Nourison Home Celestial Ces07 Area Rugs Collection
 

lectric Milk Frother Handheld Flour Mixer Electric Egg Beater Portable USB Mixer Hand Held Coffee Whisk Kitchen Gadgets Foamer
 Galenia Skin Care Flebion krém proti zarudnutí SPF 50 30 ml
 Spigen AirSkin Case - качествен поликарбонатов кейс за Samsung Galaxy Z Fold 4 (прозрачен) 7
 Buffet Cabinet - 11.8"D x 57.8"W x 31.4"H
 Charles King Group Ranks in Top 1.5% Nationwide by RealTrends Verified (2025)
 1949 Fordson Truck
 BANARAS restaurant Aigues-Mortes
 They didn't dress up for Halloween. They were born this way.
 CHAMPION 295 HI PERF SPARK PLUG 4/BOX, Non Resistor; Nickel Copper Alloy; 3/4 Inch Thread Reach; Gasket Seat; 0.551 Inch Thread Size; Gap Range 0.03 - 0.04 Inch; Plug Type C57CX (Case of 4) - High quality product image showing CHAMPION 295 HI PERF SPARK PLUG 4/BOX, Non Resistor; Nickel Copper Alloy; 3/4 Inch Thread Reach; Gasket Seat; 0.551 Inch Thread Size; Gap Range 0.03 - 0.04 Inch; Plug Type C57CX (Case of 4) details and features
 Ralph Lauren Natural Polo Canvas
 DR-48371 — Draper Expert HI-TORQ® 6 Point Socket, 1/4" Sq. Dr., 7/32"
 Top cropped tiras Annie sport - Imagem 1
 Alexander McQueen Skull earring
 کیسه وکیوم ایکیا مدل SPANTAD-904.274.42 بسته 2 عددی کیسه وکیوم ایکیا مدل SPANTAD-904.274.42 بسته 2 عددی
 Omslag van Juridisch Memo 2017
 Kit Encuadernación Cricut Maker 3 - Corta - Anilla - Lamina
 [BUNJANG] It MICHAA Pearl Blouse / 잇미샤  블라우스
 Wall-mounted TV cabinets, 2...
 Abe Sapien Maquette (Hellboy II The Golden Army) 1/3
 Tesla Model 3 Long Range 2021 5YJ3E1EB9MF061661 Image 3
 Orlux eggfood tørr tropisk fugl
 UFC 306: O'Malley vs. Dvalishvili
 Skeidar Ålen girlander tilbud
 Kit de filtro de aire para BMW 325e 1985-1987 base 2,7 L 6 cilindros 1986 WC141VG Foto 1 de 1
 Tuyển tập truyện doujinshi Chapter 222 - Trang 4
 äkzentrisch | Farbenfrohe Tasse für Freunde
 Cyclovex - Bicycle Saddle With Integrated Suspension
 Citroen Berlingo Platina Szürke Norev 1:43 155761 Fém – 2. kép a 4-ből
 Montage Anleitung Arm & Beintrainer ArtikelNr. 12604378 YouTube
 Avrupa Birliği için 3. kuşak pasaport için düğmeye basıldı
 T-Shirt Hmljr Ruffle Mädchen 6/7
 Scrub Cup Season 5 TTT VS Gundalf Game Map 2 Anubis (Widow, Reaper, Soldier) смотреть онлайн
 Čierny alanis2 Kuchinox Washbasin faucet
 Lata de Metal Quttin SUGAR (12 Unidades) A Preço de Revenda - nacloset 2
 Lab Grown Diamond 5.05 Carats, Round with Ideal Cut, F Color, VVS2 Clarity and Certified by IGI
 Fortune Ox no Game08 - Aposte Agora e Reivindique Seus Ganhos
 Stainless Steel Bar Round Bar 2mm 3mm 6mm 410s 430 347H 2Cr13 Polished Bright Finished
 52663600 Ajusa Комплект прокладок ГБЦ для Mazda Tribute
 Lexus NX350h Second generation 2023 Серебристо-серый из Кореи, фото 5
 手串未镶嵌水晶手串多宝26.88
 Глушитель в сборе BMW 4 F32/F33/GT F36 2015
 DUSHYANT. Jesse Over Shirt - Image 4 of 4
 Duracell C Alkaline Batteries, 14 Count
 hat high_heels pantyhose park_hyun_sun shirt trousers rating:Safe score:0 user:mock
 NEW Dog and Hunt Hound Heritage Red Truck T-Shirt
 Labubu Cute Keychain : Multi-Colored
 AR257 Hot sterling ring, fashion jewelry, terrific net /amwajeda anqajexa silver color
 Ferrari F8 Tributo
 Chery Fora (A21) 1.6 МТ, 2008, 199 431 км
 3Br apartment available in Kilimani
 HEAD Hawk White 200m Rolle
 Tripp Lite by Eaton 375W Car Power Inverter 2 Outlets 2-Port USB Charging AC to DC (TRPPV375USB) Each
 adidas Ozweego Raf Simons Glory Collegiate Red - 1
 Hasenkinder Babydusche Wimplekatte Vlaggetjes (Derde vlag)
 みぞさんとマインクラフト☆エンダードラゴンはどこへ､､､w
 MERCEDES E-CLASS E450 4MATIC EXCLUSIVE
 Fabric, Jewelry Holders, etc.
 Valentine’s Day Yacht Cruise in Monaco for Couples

================

### What the task requires
Return each line of the data exactly as it was given.

### Answer box
Nourison Home Celestial Ces07 Area Rugs Collection
 

lectric Milk Frother Handheld Flour Mixer Electric Egg Beater Portable USB Mixer Hand Held Coffee Whisk Kitchen Gadgets Foamer
 Galenia Skin Care Flebion krém proti zarudnutí SPF 50 30 ml
 Spigen AirSkin Case - качествен поликарбонатов кейс за Samsung Galaxy Z Fold 4 (прозрачен) 7
 Buffet Cabinet - 11.8"D x 57.8"W x 31.4"H
 Charles King Group Ranks in Top 1.5% Nationwide by RealTrends Verified (2025)
 1949 Fordson Truck
 BANARAS restaurant Aigues-Mortes
 They didn't dress up for Halloween. They were born this way.
 CHAMPION 295 HI PERF SPARK PLUG 4/BOX, Non Resistor; Nickel Copper Alloy; 3/4 Inch Thread Reach; Gasket Seat; 0.551 Inch Thread Size; Gap Range 0.03 - 0.04 Inch; Plug Type C57CX (Case of 4) - High quality product image showing CHAMPION 295 HI PERF SPARK PLUG 4/BOX, Non Resistor; Nickel Copper Alloy; 3/4 Inch Thread Reach; Gasket Seat; 0.551 Inch Thread Size; Gap Range 0.03 - 0.04 Inch; Plug Type C57CX (Case of 4) details and features
 Ralph Lauren Natural Polo Canvas
 DR-48371 — Draper Expert HI-TORQ® 6 Point Socket, 1/4" Sq. Dr., 7/32"
 Top cropped tiras Annie sport - Imagem 1
 Alexander McQueen Skull earring
 کیسه وکیوم ایکیا مدل SPANTAD-904.274.42 بسته 2 عددی کیسه وکیوم ایکیا مدل SPANTAD-904.274.42 بسته 2 عددی
 Omslag van Juridisch Memo 2017
 Kit Encuadernación Cricut Maker 3 - Corta - Anilla - Lamina
 [BUNJANG] It MICHAA Pearl Blouse / 잇미샤  블라우스
 Wall-mounted TV cabinets, 2...
 Abe Sapien Maquette (Hellboy II The Golden Army) 1/3
 Tesla Model 3 Long Range 2021 5YJ3E1EB9MF061661 Image 3
 Orlux eggfood tørr tropisk fugl
 UFC 306: O'Malley vs. Dvalishvili
 Skeidar Ålen girlander tilbud
 Kit de filtro de aire para BMW 325e 1985-1987 base 2,7 L 6 cilindros 1986 WC141VG Foto 1 de 1
 Tuyển tập truyện doujinshi Chapter 222 - Trang 4
 äkzentrisch | Farbenfrohe Tasse für Freunde
 Cyclovex - Bicycle Saddle With Integrated Suspension
 Citroen Berlingo Platina Szürke Norev 1:43 155761 Fém – 2. kép a 4-ből
 Montage Anleitung Arm & Beintrainer ArtikelNr. 12604378 YouTube
 Avrupa Birliği için 3. kuşak pasaport için düğmeye basıldı
 T-Shirt Hmljr Ruffle Mädchen 6/7
 Scrub Cup Season 5 TTT VS Gundalf Game Map 2 Anubis (Widow, Reaper, Soldier) смотреть онлайн
 Čierny alanis2 Kuchinox Washbasin faucet
 Lata de Metal Quttin SUGAR (12 Unidades) A Preço de Revenda - nacloset 2
 Lab Grown Diamond 5.05 Carats, Round with Ideal Cut, F Color, VVS2 Clarity and Certified by IGI
 Fortune Ox no Game08 - Aposte Agora e Reivindique Seus Ganhos
 Stainless Steel Bar Round Bar 2mm 3mm 6mm 410s 430 347H 2Cr13 Polished Bright Finished
 52663600 Ajusa Комплект прокладок ГБЦ для Mazda Tribute
 Lexus NX350h Second generation 2023 Серебристо-серый из Кореи, фото 5
 手串未镶嵌水晶手串多宝26.88
 Глушитель в сборе BMW 4 F32/F33/GT F36 2015
 DUSHYANT. Jesse Over Shirt - Image 4 of 4
 Duracell C Alkaline Batteries, 14 Count
 hat high_heels pantyhose park_hyun_sun shirt trousers rating:Safe score:0 user:mock
 NEW Dog and Hunt Hound Heritage Red Truck T-Shirt
 Labubu Cute Keychain : Multi-Colored
 AR257 Hot sterling ring, fashion jewelry, terrific net /amwajeda anqajexa silver color
 Ferrari F8 Tributo
 Chery Fora (A21) 1.6 МТ, 2008, 199 431 км
 3Br apartment available in Kilimani
 HEAD Hawk White 200m Rolle
 Tripp Lite by Eaton 375W Car Power Inverter 2 Outlets 2-Port USB Charging AC to DC (TRPPV375USB) Each
 adidas Ozweego Raf Simons Glory Collegiate Red - 1
 Hasenkinder Babydusche Wimplekatte Vlaggetjes (Derde vlag)
 みぞさんとマインクラフト☆エンダードラゴンはどこへ､､､w
 MERCEDES E-CLASS E450 4MATIC EXCLUSIVE
 Fabric, Jewelry Holders, etc.
 Valentine’s Day Yacht Cruise in Monaco for Couples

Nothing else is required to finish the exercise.